Josh McKinney is the author of two award-winning books of poetry: Saunter, co-winner of the University of Georgia Press Poetry Series Open Competition in 2002, and The Novice Mourner, winner of the Dorothy Brunsman Poetry Prize in 2005. He has also published two poetry chapbooks: Saunter (Primitive Publications, 1998) and Permutations of the Gallery (Pavement Saw Press, 1996), winner of the Pavement Saw Chapbook Contest. His poems have appeared in over one hundred national journals such as American Letters & Commentary, Boulevard, Colorado Review, Denver Quarterly, The Kenyon Review, New American Writing, Ploughshares, Poetry International, Prairie Schooner, and many others. His other awards include The Dickinson Poetry Prize and a Gertrude Stein Award for Innovative American Writing. He is a four-time Pushcart Prize nominee. Joshua is currently a professor of English at California State University, Sacramento, where he teaches courses in literature and various creative writing courses such as Between Genres: Prose Poetry & Flash Fiction, Meter & Rhythm: The Poem’s Heartbeat, and Ecopoetics.

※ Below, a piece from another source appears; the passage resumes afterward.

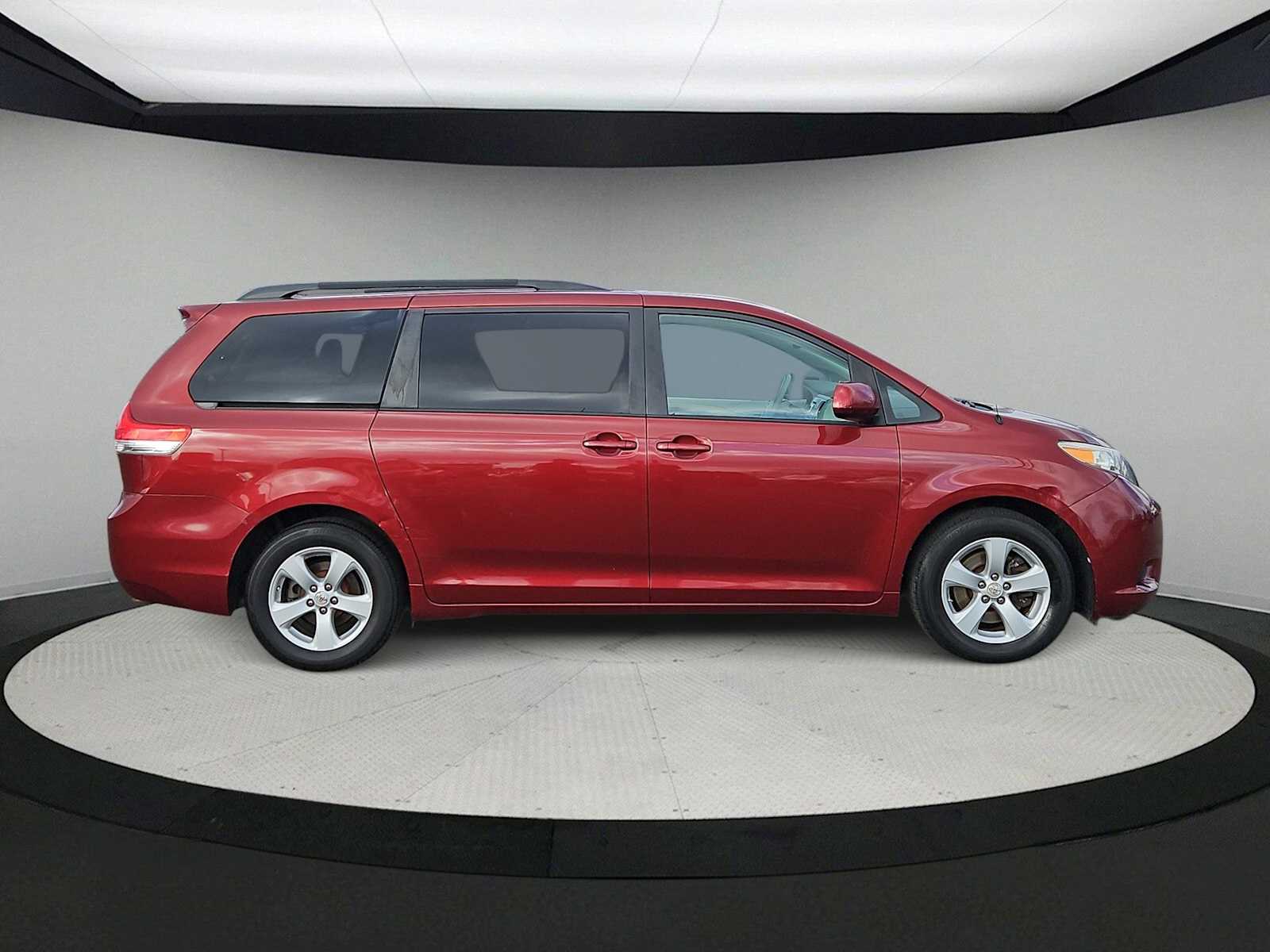 Thumbnail: 2011 Toyota Sienna - 9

FEB 23 -- Poetry Collaboration

V.S. Chochezi is a poet, spoken word artist, and long time student of West African dance and drum. She teaches at Sierra College and with her mother, Staajabu, entertains audiences with her poetry slam team, Straight Out Scribes. Her other experience is as a leadership development and MBTI practioner, mother, daughter, grandmother, mother-in-law, artist, and activist.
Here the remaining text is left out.